В своих записках Т. Е. Ловиц подробно рассказывает о переполохе, вызванном кончиной высокородного вельможи, о высочайшем повелении, в соответствии с которым авторитетная комиссия тотчас выехала в Парадиз. К тому времени были допрошены все, кто находился в имении, все, кроме Якопо дельи Каррарези: он тронулся разумом и был препровожден в скорбный приют. Комиссия, составленная из самых опытных медиков и химиков, подвергла тщательному анализу всю пищу и съестные припасы в доме, а затем исследовала печень, почки и легкие покойного, но не обнаружила даже намека на какой бы то ни было яд. Доклад комиссии Лавуазье – Ловица – Буша утонул в архиве. Высочайше было предписано считать, что Александр Петрович скончался от апоплексического удара вследствие обжорства. Т. Е. Ловиц пишет: «Убежден: анонимный автор письма вовсе и не имел в виду известный или не известный науке яд. Если уж и говорить об яде, то отысканием его следов должен заняться не химик, но историк или философ».
Аталия
Обнаженная, верхом на страшно оскалившемся белом коне, гордо вскинутая голова с развевающимися на ветру густыми волосами, полные плечи, высокая грудь, прекрасные пышные бедра, с окровавленной саблей в правой руке, а в левой – знамя, выкроенное из белоснежной простыни с несмываемыми отпечатками двух тел, – мчалась она то ли в бездну рая, то ли в бездну ада, пленяющая почти нечеловеческой красотой, каковая иногда воспламеняет даже чудовищ, – такой запечатлел ее на гравюре анонимный голландский художник.

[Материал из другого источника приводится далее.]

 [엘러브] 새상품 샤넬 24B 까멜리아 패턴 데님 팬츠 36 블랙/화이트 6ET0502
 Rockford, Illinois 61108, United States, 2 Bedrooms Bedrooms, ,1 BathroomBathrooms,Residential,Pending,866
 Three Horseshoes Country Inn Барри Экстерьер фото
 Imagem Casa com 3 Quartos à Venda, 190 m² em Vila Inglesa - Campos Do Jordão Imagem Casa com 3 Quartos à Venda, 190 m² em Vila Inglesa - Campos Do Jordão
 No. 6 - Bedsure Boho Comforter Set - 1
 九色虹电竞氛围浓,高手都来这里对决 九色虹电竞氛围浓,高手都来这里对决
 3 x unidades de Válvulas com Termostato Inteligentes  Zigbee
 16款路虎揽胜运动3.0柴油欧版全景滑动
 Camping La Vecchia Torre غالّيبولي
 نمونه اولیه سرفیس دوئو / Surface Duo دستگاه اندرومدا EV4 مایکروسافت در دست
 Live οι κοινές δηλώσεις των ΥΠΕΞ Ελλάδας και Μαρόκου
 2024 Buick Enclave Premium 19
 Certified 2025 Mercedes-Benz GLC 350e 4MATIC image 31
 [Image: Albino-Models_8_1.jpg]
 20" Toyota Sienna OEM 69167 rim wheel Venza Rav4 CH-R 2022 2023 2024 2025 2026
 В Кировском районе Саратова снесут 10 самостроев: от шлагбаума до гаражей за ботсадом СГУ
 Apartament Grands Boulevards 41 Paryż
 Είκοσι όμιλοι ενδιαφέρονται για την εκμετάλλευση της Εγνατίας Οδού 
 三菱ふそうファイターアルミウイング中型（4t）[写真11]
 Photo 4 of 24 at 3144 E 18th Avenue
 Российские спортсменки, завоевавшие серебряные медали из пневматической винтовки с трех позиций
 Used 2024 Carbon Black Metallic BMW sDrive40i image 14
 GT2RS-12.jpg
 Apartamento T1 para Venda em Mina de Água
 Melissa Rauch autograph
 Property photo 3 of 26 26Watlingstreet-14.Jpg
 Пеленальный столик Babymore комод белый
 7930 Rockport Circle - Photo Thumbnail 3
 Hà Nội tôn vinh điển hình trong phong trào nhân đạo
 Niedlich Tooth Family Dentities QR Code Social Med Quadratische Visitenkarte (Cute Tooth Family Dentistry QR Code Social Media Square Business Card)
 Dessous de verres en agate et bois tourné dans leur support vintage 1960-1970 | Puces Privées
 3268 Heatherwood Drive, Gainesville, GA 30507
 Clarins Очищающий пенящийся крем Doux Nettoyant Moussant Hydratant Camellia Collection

Ее звали Аталия Осорьина-Роща.
Семнадцати лет она стала женой престарелого князя Осорьина-Рощи, который на другой же день после свадьбы увез свою Аталию в осорьинское подгородное имение, кишмя кишевшее наглыми лакеями, развратными наложницами и их незаконнорожденными детьми, мрачными гайдуками, ряболицыми палачами, медведями и охотничьими псами. В первый же вечер супруг подвел Аталию Алексеевну к большому, в рост, зеркалу, занимавшему угол спальни, и тоном, не терпящим возражений, велел раздеться донага, что юная супруга, не без трепета и смущения, и исполнила. Князь извлек из шкатулки кованый стальной пояс, состоявший из двух полос, расположенных под прямым углом друг к дружке, надел его на чресла супруги и запер на ключ, который повесил себе на шею. После чего велел спальным девушкам проводить княгиню в ее опочивальню и строго ее блюсти.